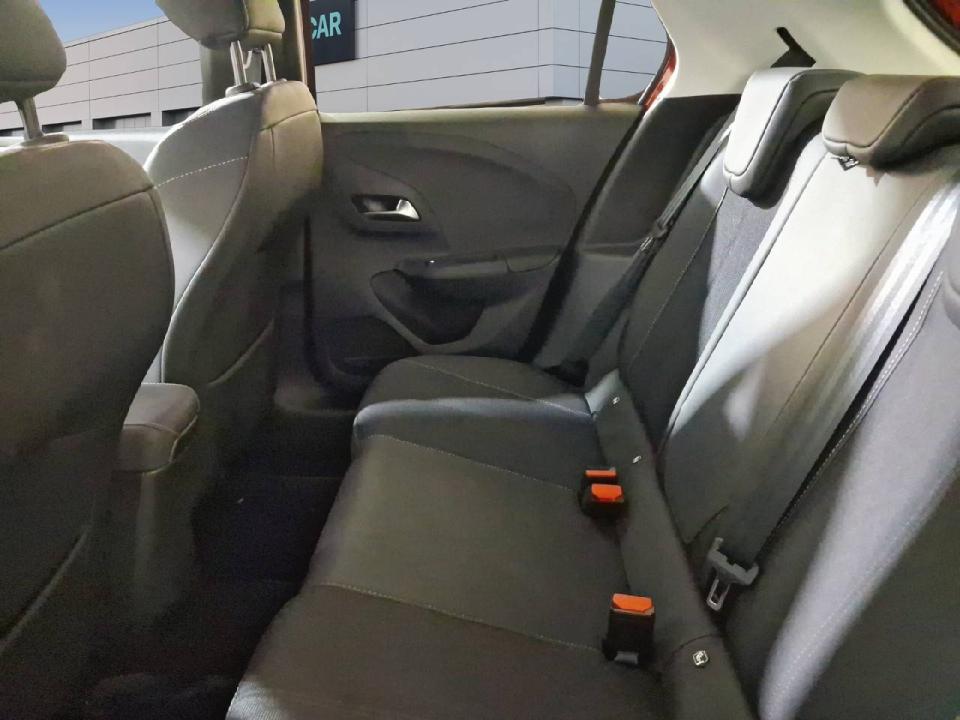 Opel Corsa-e 50kWh Elegance-e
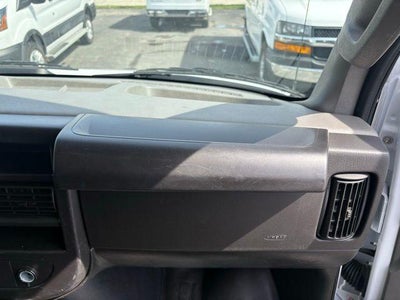 2024 Chevrolet Express Cargo 2500 Base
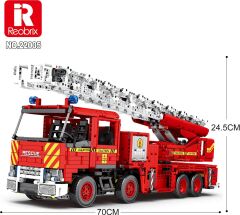 RC İtfaiye Aracı (Fire truck)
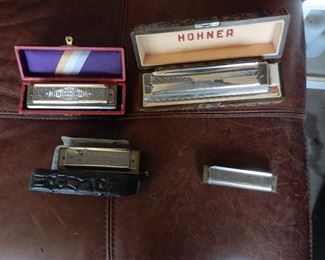 Harmonicas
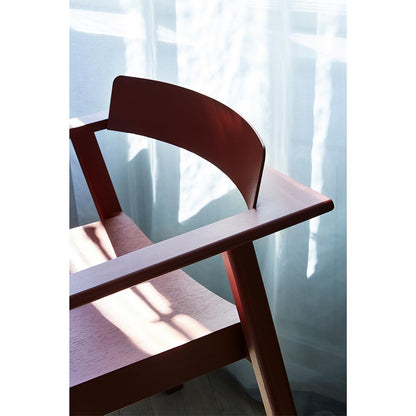 Maiden Chair - Black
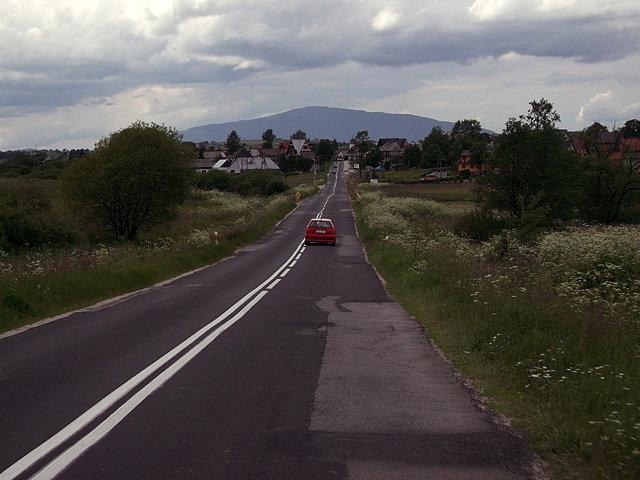 J. w., chmurzy się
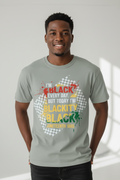 Blackity Black Juneteenth 1865 T-Shirt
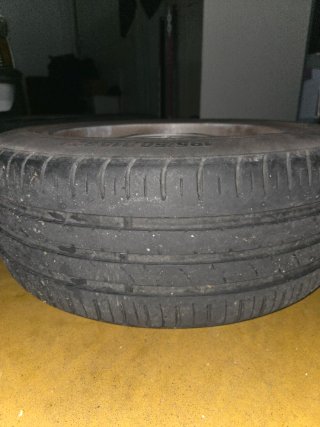 Jantes Borbet Type A R15 5x120 BMW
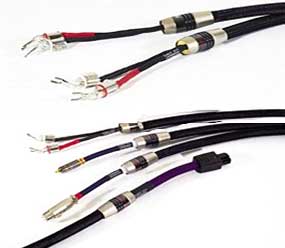 Speaker Cable: 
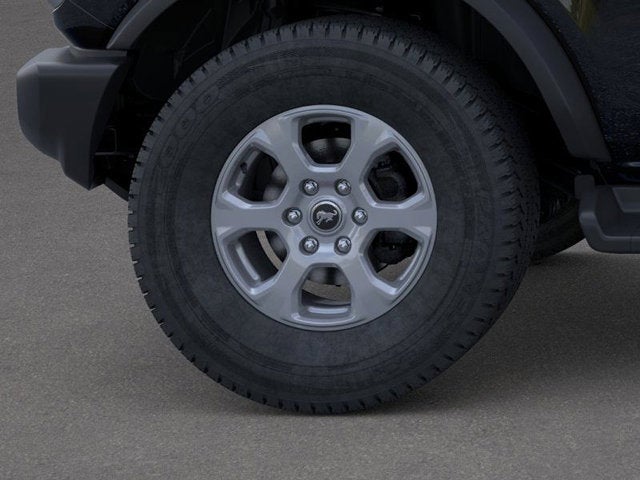 2025 Ford Bronco Matte Black Package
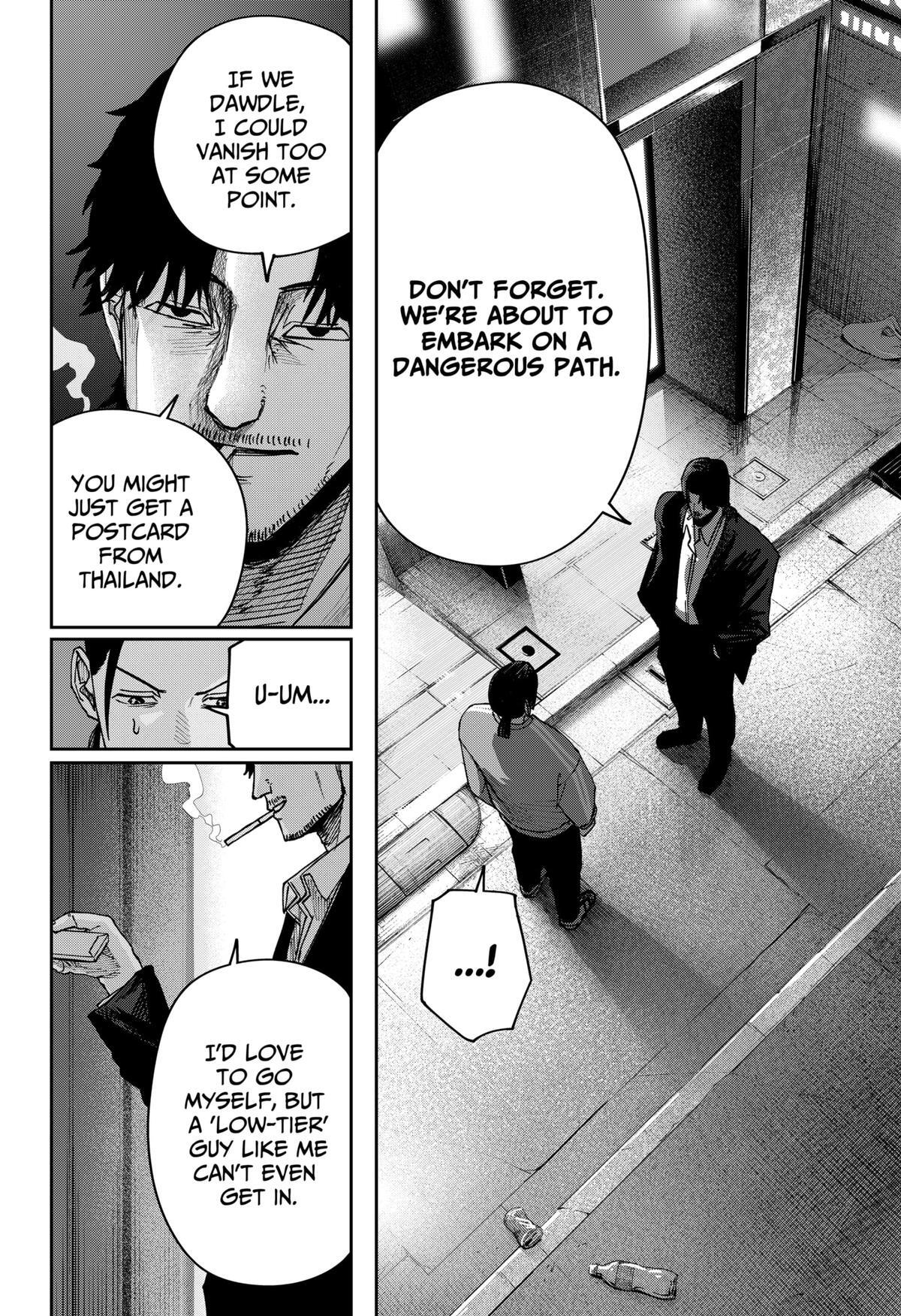 Read War Of The Adults Manga Online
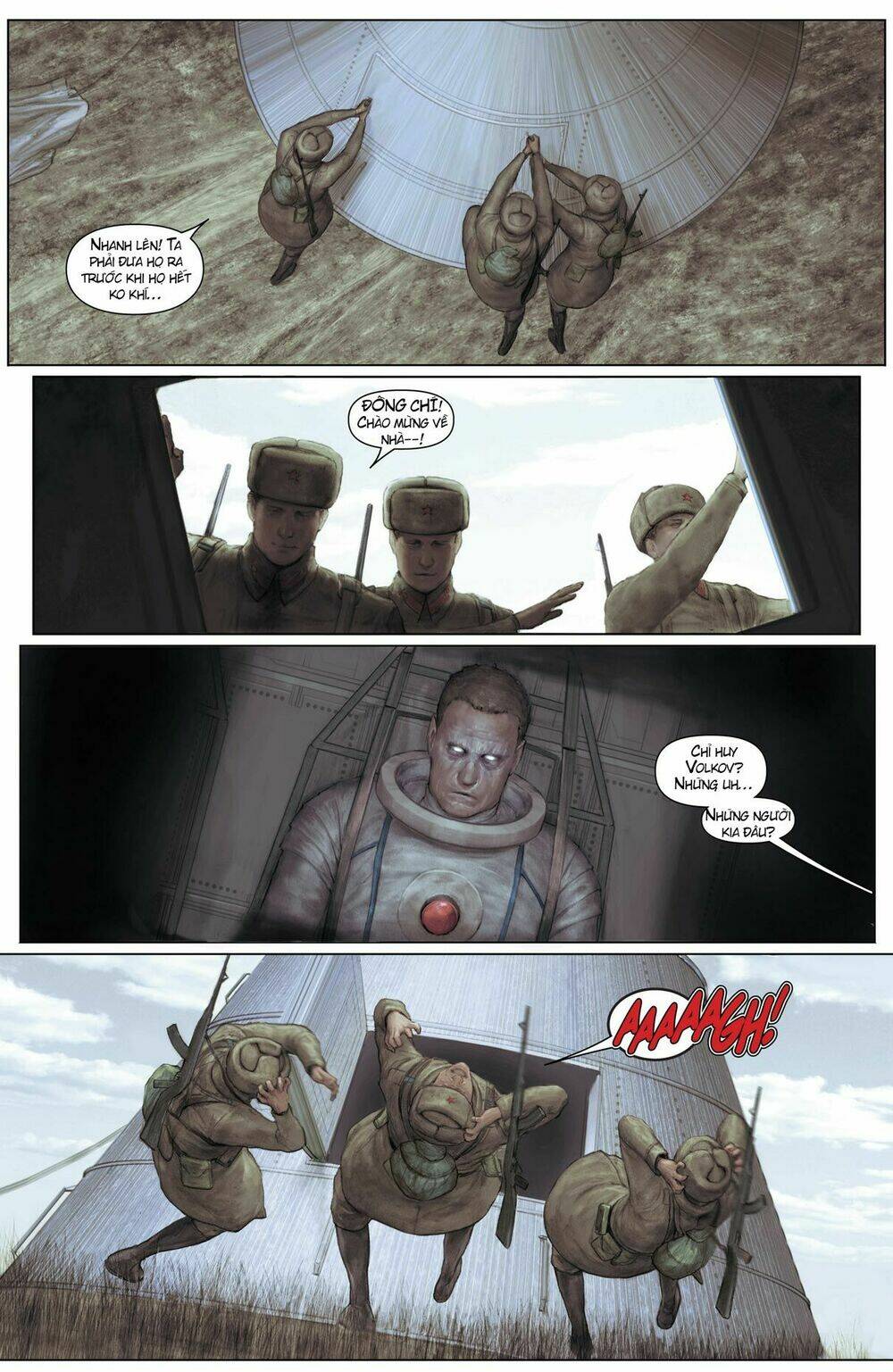 captain america: living legned (2013) chapter 2 16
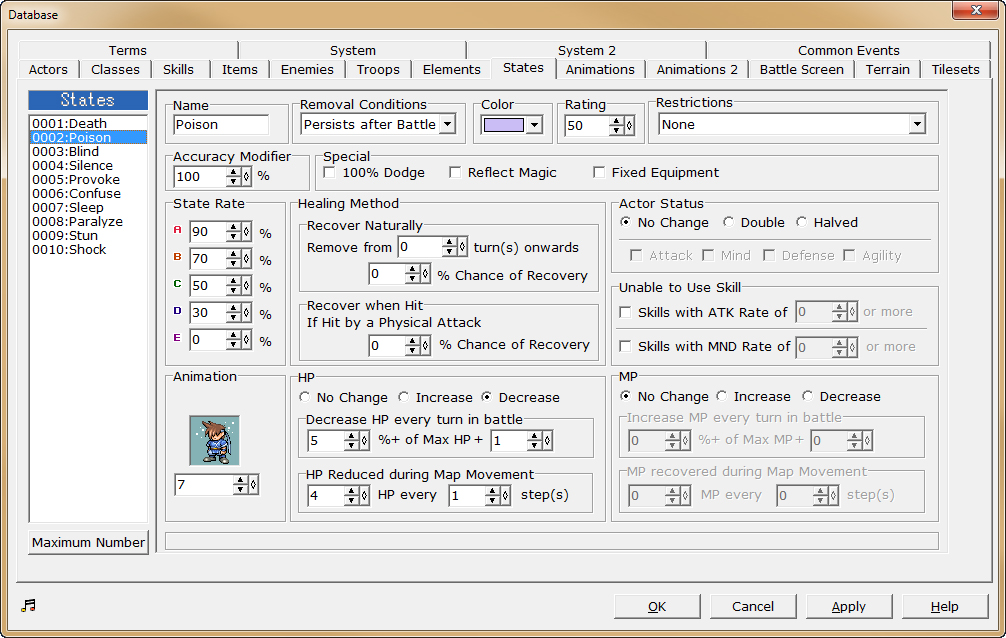 RPG Maker 2003 screenshot 17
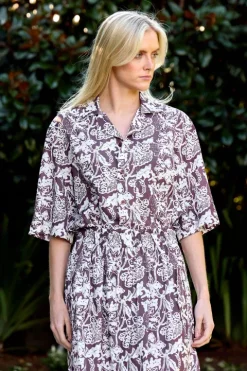 Nylon Batik Shirt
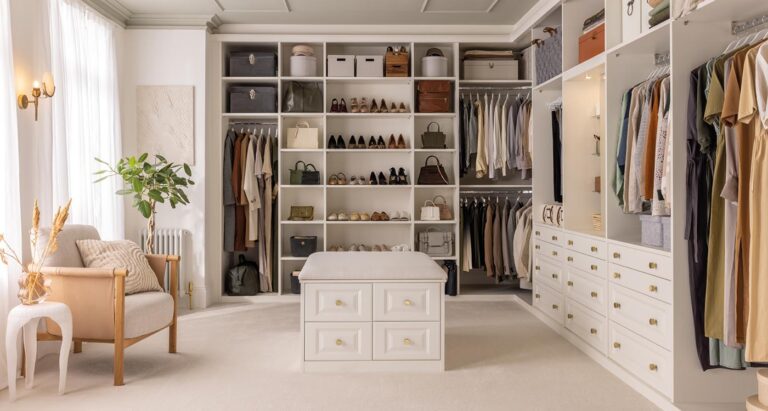 Sharps Bespoke Wardrobes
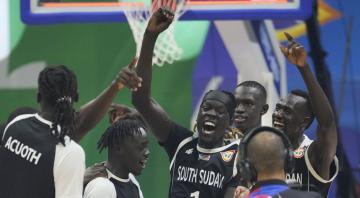 FIBA World Cup Roundup: South Sudan clinches Paris Olympics berth as best African team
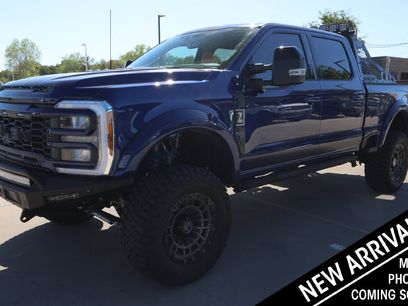 Used 2026 Ford F250 Lariat w/ Black Appearance Package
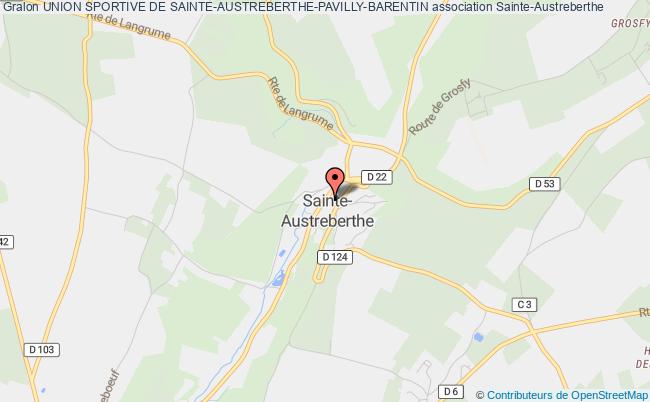 UNION SPORTIVE DE SAINTE-AUSTREBERTHE-PAVILLY-BARENTIN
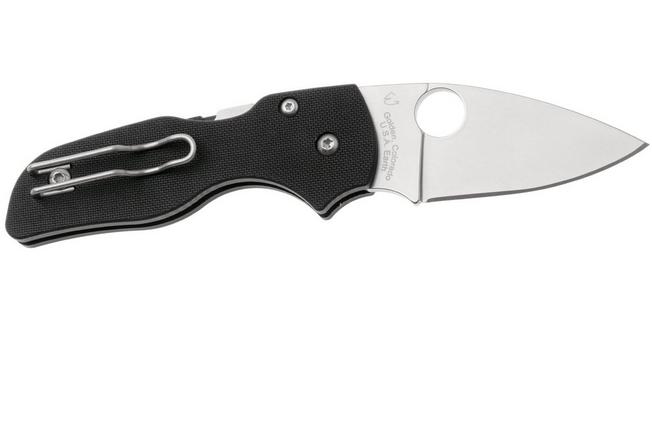 Obraz dla Nóż składany Spyderco Lil' Native Compression Lock C230GP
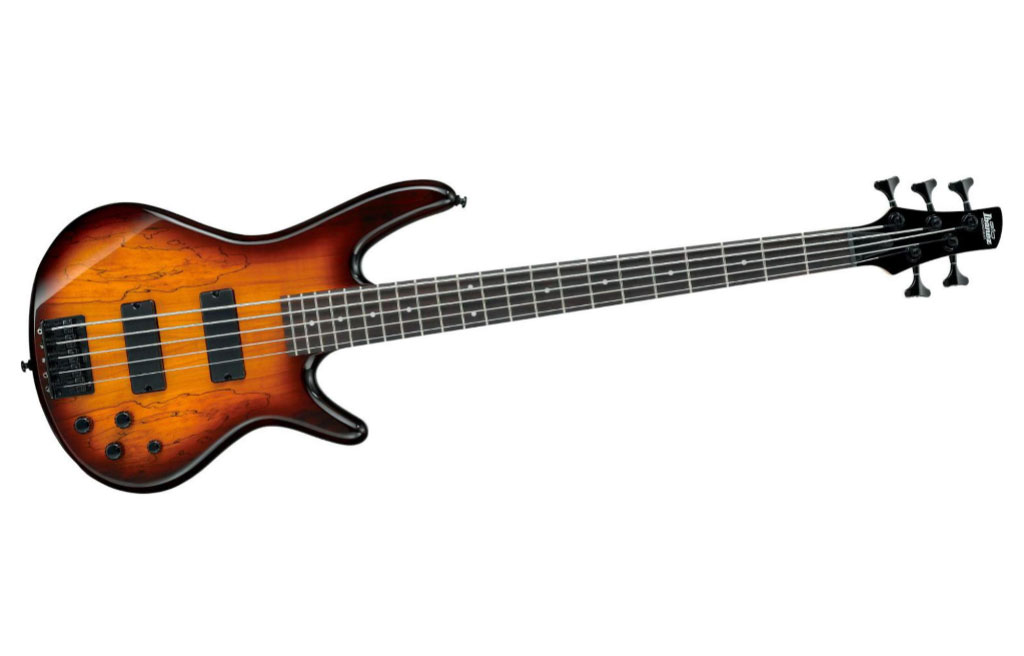 Ibanez GSR205SM 5-String Electric Bass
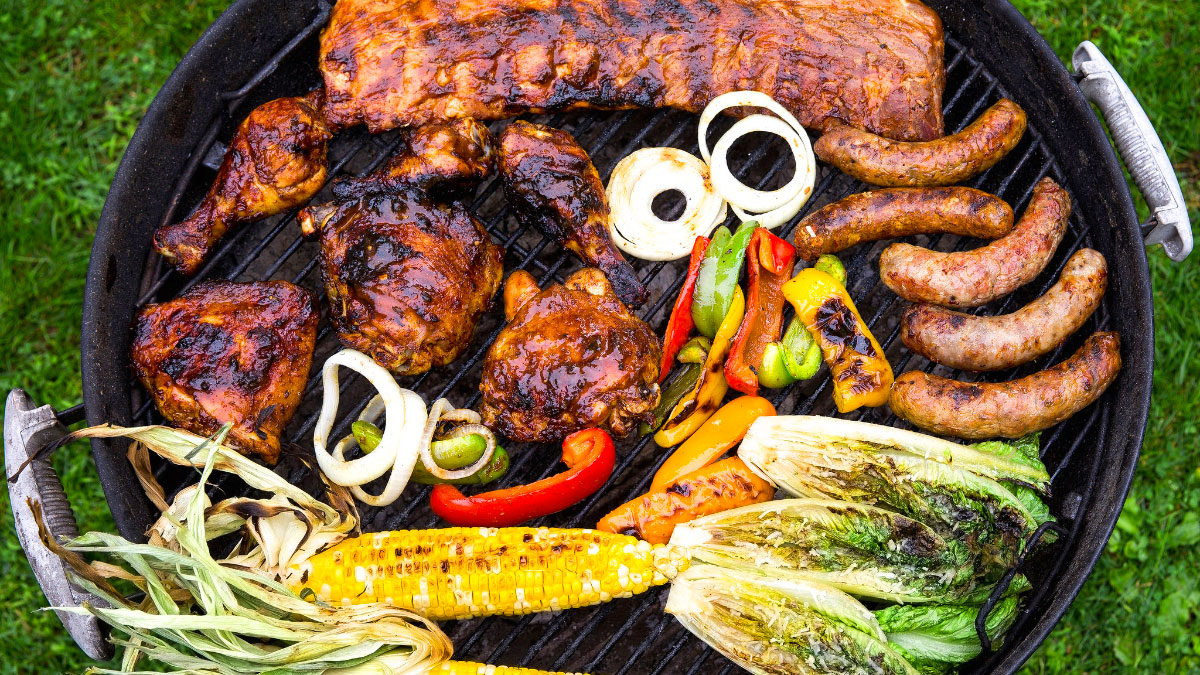 Come si organizza un barbecue su WhatsApp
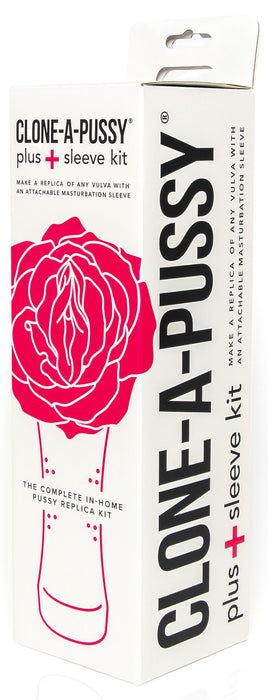 Kit de Moulage Clone-a-pussy avec Masturbateur Rose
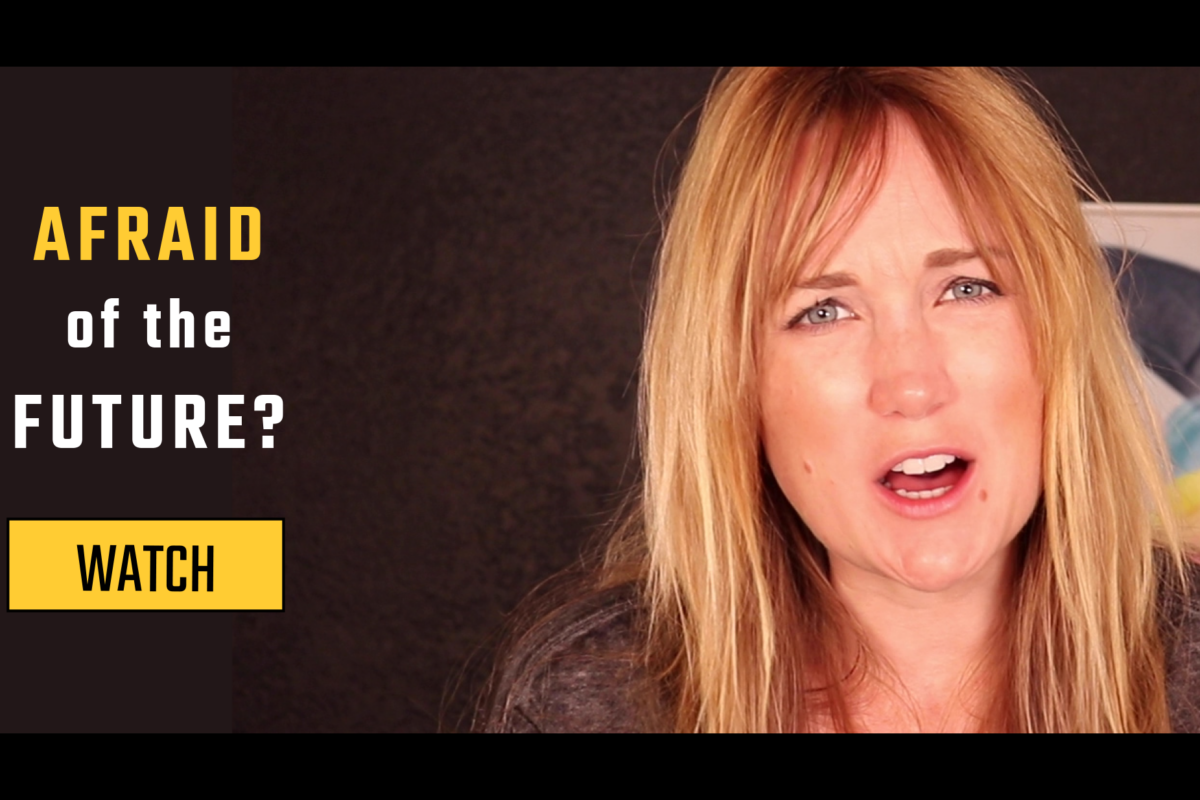 Fearing The Future: WHERE ARE YOU GOD?!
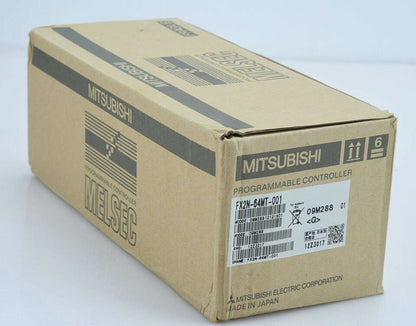new One Mitsubishi FX2N-64MT-001 Programmable Controller - MITSUBISHI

INSTRUCTIONS FOR THE TASK. In the material above, the stretch from the line with "Read War Of The Adults Manga Online" through the line with "Come si organizza un barbecue su WhatsApp" is to be given again exactly, minus the pictures.

SOLVED PROBLEM.
 Read War Of The Adults Manga Online
 captain america: living legned (2013) chapter 2 16
 RPG Maker 2003 screenshot 17
 Nylon Batik Shirt
 Sharps Bespoke Wardrobes
 FIBA World Cup Roundup: South Sudan clinches Paris Olympics berth as best African team
 Used 2026 Ford F250 Lariat w/ Black Appearance Package
 UNION SPORTIVE DE SAINTE-AUSTREBERTHE-PAVILLY-BARENTIN
 Obraz dla Nóż składany Spyderco Lil' Native Compression Lock C230GP
 Ibanez GSR205SM 5-String Electric Bass
 Come si organizza un barbecue su WhatsApp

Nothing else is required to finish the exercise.